I'm new to scala, and what I'm learning is tuple.

I can define a tuple as following, and get the items:

val tuple = ("Mike", 40, "New York")
println("Name: " + tuple._1)
println("Age: " + tuple._2)
println("City: " + tuple._3)

My question is:

  1. How to get the length of a tuple?
  2. Is tuple mutable? Can I modify its items?
  3. Is there any other useful operation we can do on a tuple?

Thanks in advance!

+4  A: 
  1. You know the size of a tuple, it's part of it's type. For example if you define a function def f(tup: (Int, Int)), you know the length of tup is 2 because values of type (Int, Int) (aka Tuple2[Int, Int]) always have a length of 2.
  2. No.
  3. Not really. Tuples are useful for storing a fixed amount of items of possibly different types and passing them around, putting them into data structures etc. There's really not much you can do with them, other than creating tuples, and getting stuff out of tuples.
sepp2k
+15  A: 

1] tuple.productArity

2] No.

3] Some interesting operations you can perform on tuples: (a short REPL session)

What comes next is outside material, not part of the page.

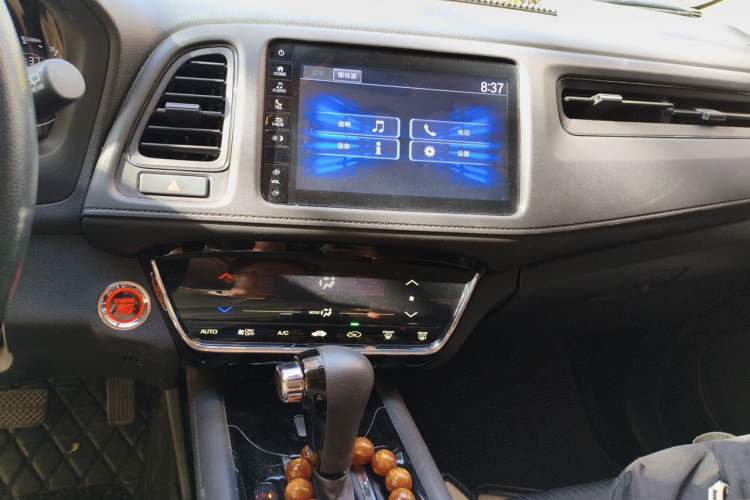 Used Honda Vezel 2019 220 TURBO CVT Luxury Edition China VI Audio And AC Panel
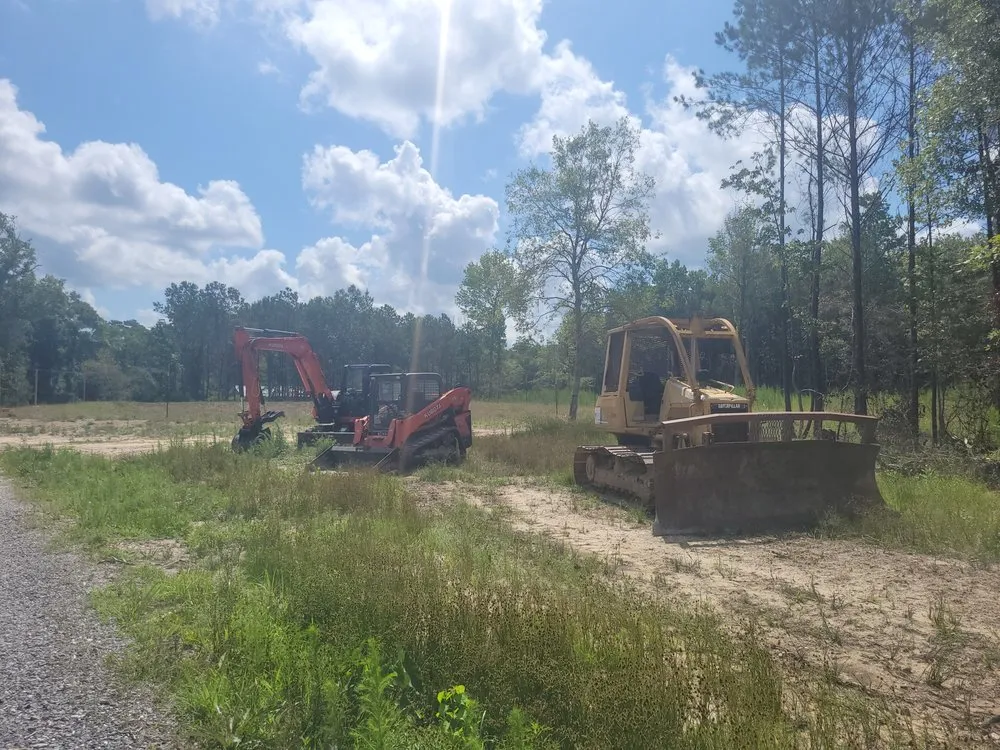 Custom residential landscaping with custom design across Lacombe, LA - IL Trucking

scala> val x = (3, "hello")
x: (Int, java.lang.String) = (3,hello)

scala> x.swap
res0: (java.lang.String, Int) = (hello,3)

scala> x.toString
res1: java.lang.String = (3,hello)

scala> val y = (3, "hello")
y: (Int, java.lang.String) = (3,hello)

scala> x == y
res2: Boolean = true

scala> x.productPrefix
res3: java.lang.String = Tuple2

scala> val xi = x.productIterator
xi: Iterator[Any] = non-empty iterator

scala> while(xi.hasNext) println(xi.next)
3
hello

See scaladocs of Tuple2, Tuple3 etc for more.

missingfaktor
@Rahuλ G, thank you again!
Freewind
@Freewind, Welcome!
missingfaktor
+4  A: 

Tuples are immutable, but, like all cases classes, they have a copy method that can be used to create a new Tuple with a few changed elements:

scala> (1, false, "two")
res0: (Int, Boolean, java.lang.String) = (1,false,two)

scala> res0.copy(_2 = true)
res1: (Int, Boolean, java.lang.String) = (1,true,two)

scala> res1.copy(_1 = 1f)
res2: (Float, Boolean, java.lang.String) = (1.0,true,two)
retronym
+9  A: 

One thing that you can also do with a tuple is to extract the content using the match expression:

def tupleview( tup: Any ){
  tup match {
    case (a: String, b: String) =>
      println("A pair  of strings: "+a + " "+ b)
    case (a: Int, b: Int, c: Int) =>
      println("A triplet of ints: "+a + " "+ b + " " +c)
    case _ => println("Unknown")
  }
}

tupleview( ("Hello", "Freewind"))
tupleview( (1,2,3))

Gives:

A pair  of strings: Hello Freewind
A triplet of ints: 1 2 3
olle kullberg
@olle, thanks for this nice example
Freewind
+2  A: 

Another nice trick ad question 3) (as 1 and 2 are already answered by others)

val tuple = ("Mike", 40, "New York")
tuple match  {
  case (name, age, city) =>{
    println("Name: " + name)
    println("Age: " + age)
    println("City: " + city)
  }
}

Edit: in fact it's rather a feature of pattern matching and case classes, a tuple is just a simple example of a case class...

Sandor Murakozi
@Sandor, thank you, helpful
Freewind
+2  A: 

1 and 2 have already been answered.

A very useful thing that you can use tuples for is to return more than one value from a method or function. Simple example:

// Get the min and max of two integers
def minmax(a: Int, b: Int): (Int, Int) = if (a < b) (a, b) else (b, a)

// Call it and assign the result to two variables like this:
val (x, y) = minmax(10, 3)     // x = 3, y = 10
Jesper
+2  A: 

Concerning question 3:

A useful thing you can do with Tuples is to store parameter lists for functions:

def f(i:Int, s:String, c:Char) = s * i + c
List((3, "cha", '!'), (2, "bora", '.')).foreach(t => println((f _).tupled(t)))
//--> chachacha!
//--> borabora.

[Edit] As Randall remarks, you'd better use something like this in "real life":

def f(i:Int, s:String, c:Char) = s * i + c
val g = (f _).tupled
List((3, "cha", '!'), (2, "bora", '.')).foreach(t => println(g(t)))

In order to extract the values from tuples in the middle of a "collection transformation chain" you can write:

val words = List((3, "cha"),(2, "bora")).map{ case(i,s) => s * i }

Note the curly braces around the case, parentheses won't work.

Landei
Note that in this construction, you're going to synthesize the tupled versions of the function that was itself lifted from method `f` *on each iteration of the `foreach`*.